◆ **INFORMATION SUPPLIED**
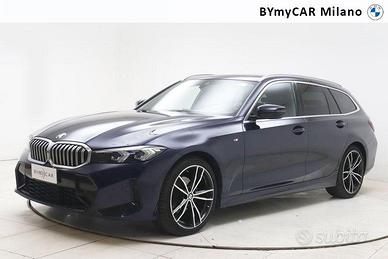 BMW Serie 3 320d Touring mhev 48V Msport xdrive au
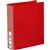 MARBIG CLEARVIEW INSERT RING BINDER 3D 50MM A4 RED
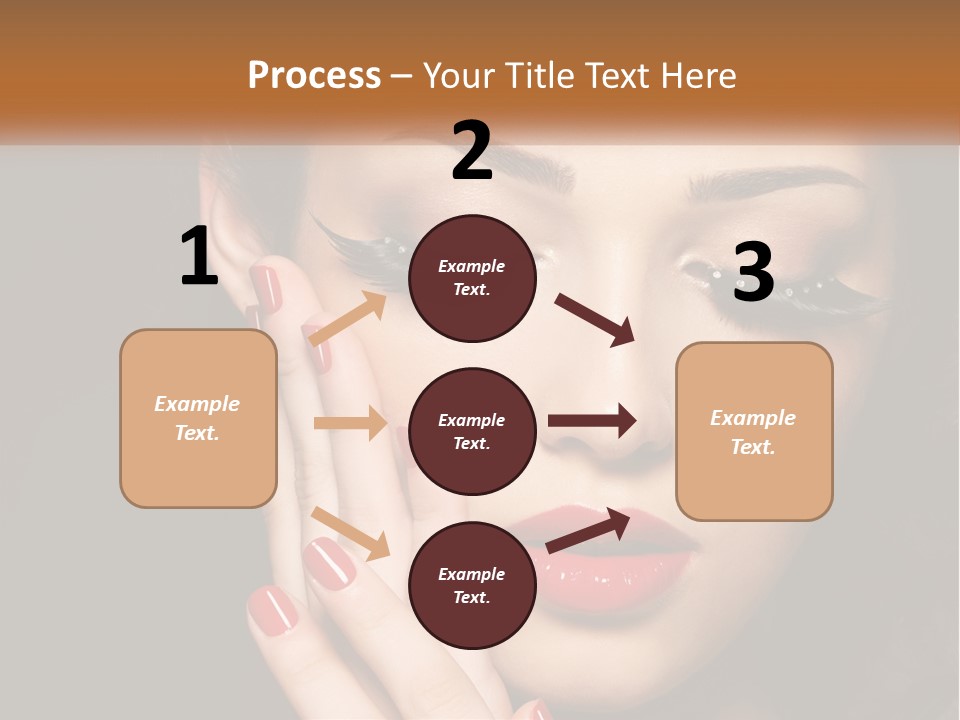 Makeup And Nails PowerPoint Template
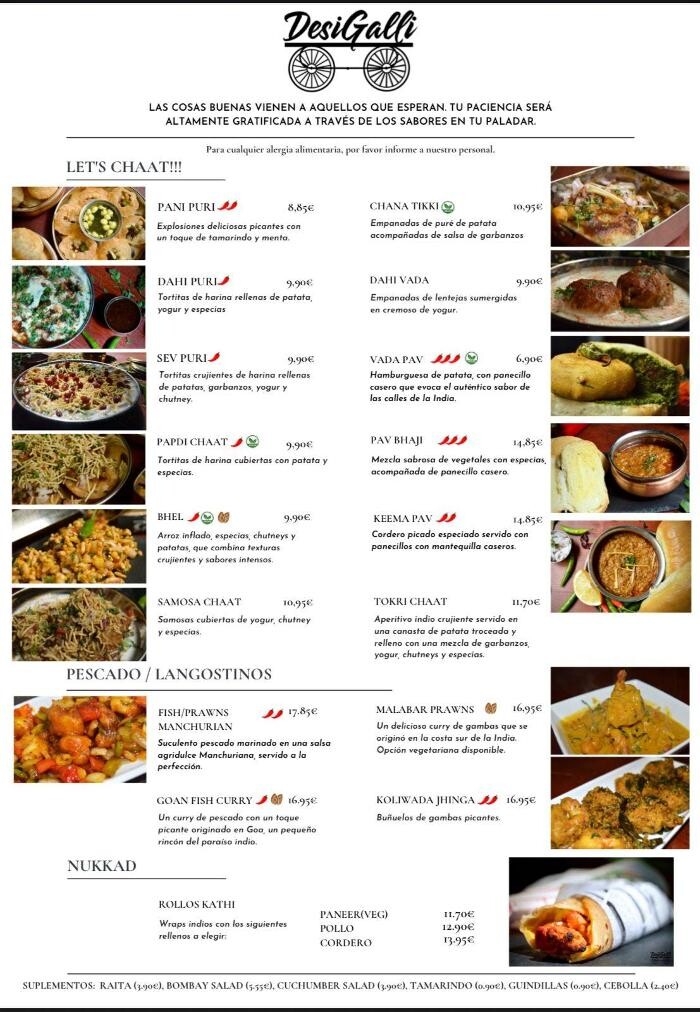 Images Desi Galli - Indian Restaurant & Street Food Barcelona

◆ **TASK TO CARRY OUT**
Apart from its pictures, the material above should be repeated exactly.

◆ **RESPONSE BELOW**
 BMW Serie 3 320d Touring mhev 48V Msport xdrive au
 MARBIG CLEARVIEW INSERT RING BINDER 3D 50MM A4 RED
 Makeup And Nails PowerPoint Template
 Images Desi Galli - Indian Restaurant & Street Food Barcelona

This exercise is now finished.